Kulturstaatssekretär Dr. Gunnar Schellenberger zeigte sich bei seinem Besuch der Ausgrabungen erfreut über die neuen Erkenntnisse: »Die beiden Ringheiligtümer von Pömmelte und Schönebeck sind weiterhin für wissenschaftliche Überraschungen gut. Das bestärkt mich in meiner Überzeugung, dass es der richtige Weg ist, die Ringheiligtümer touristisch zu erschließen.«
Das Umfeld des Ringheiligtums Pömmelte wird seit 2018 intensiv archäologisch erforscht, ermöglicht durch die großzügige Förderung der Beauftragten der Bundesregierung für Kultur und Medien sowie des Landes Sachsen-Anhalt und unterstützt durch die langjährigen Kooperationspartner Salzlandkreis und Kloster Bergesche Stiftung. Zudem wurden in diesem Sommer über drei Monate die ersten Flächen im Anschluss an die Schönebecker Anlage in Kooperation mit der Martin-Luther-Universität Halle-Wittenberg unter studentischer Beteiligung untersucht. Bedingt durch die Coronaviruspandemie konnten Studierende der Universität Southampton im Rahmen der gemeinsamen Forschungskooperation zu Stonehenge und Pömmelte unter der Leitung von Prof. Dr. Joshua Pollard leider nicht an den Ausgrabungen teilnehmen.

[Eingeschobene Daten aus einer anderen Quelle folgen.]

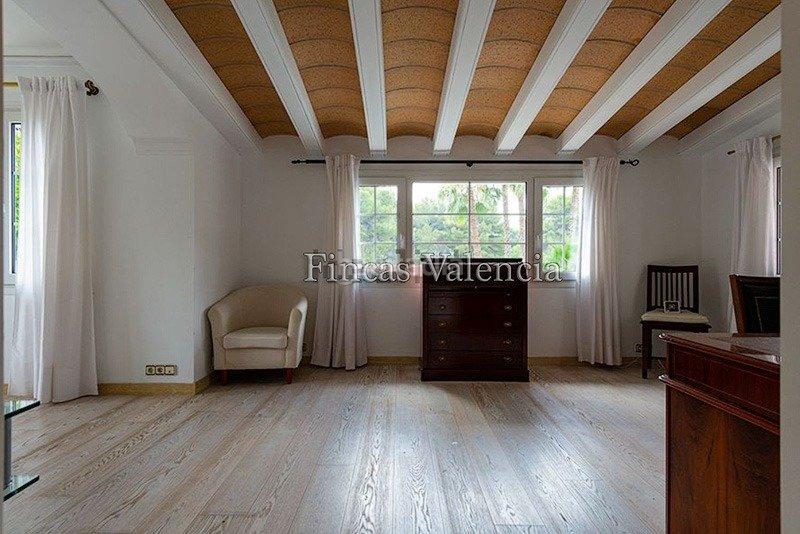 Foto 1226f9a6-8c38-4a29-af8e-4b6fef245bc3. Rent chalet with heating parking pool in Godella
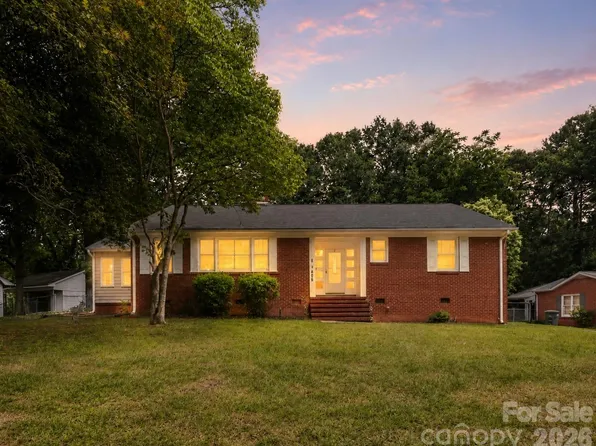 408 Elizabeth St, Gastonia, NC 28054
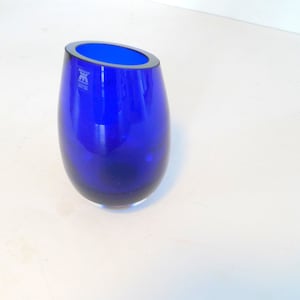 Opvallende Blauwe Magnor Glazen vaas - Art Glass jaren 1970 Retro Noorwegen ovale vaas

Die Ausgrabungsflächen im Areal nördlich und östlich der Schönebecker Anlage umfassen 2.700 Quadratmeter und wurden von Juli bis September im Rahmen einer Lehrgrabung zur Ausbildung der halleschen Studierenden untersucht. Insgesamt rund 470 Befunde wurden dokumentiert, darunter zwei bronzezeitliche Grabhügel mit Nachbestattungen und über 80 Urnenbestattungen, die im Block geborgen wurden und derzeit im Landesamt für Denkmalpflege und Archäologie Sachsen-Anhalt unter Laborbedingungen freigelegt werden.

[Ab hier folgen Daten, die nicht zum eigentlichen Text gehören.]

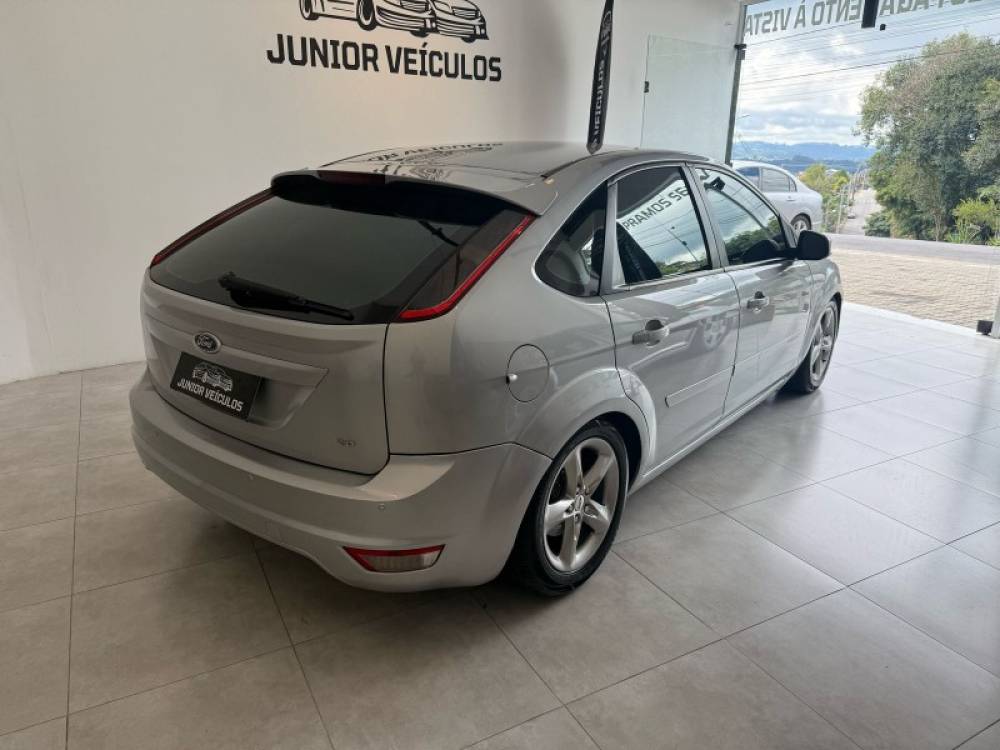 FORD - FOCUS - 2009/2010 - Prata - R$ 38.500,00
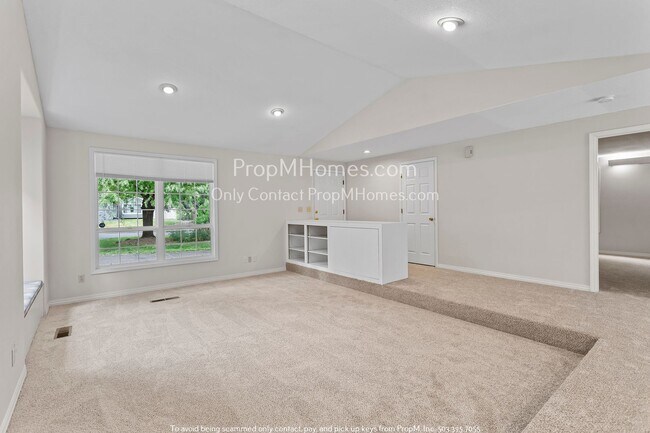 Building Photo - Lake Oswego Two Bedroom Home - New Updated Kitchen Coming Soon!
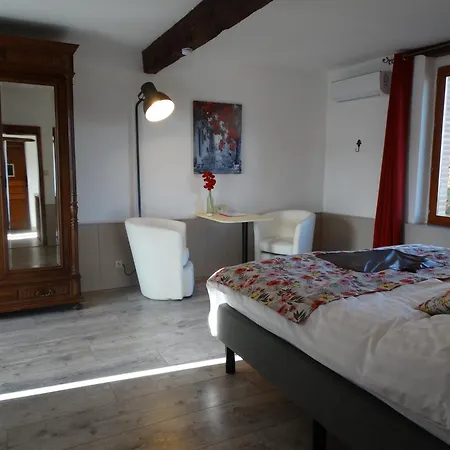 La Salamandre Bed & Breakfast 4*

Die diesjährigen Ausgrabungen am Ringheiligtum Pömmelte haben im April begonnen. Bis jetzt sind knapp 3.000 Befunde erfasst, die sich über zweieinhalb Jahrtausende erstrecken (von der ersten Hälfte des 4. Jahrtausends vor Christus bis zur Mitte des 2. Jahrtausends vor Christus). Insgesamt wird bis zum Ende der diesjährigen Kampagne eine Fläche von über 26.000 Quadratmetern untersucht sein. Ob dann auch im Süden und Westen das Ende der Aunjetitzer Großsiedlung erreicht sein wird, bleibt abzuwarten.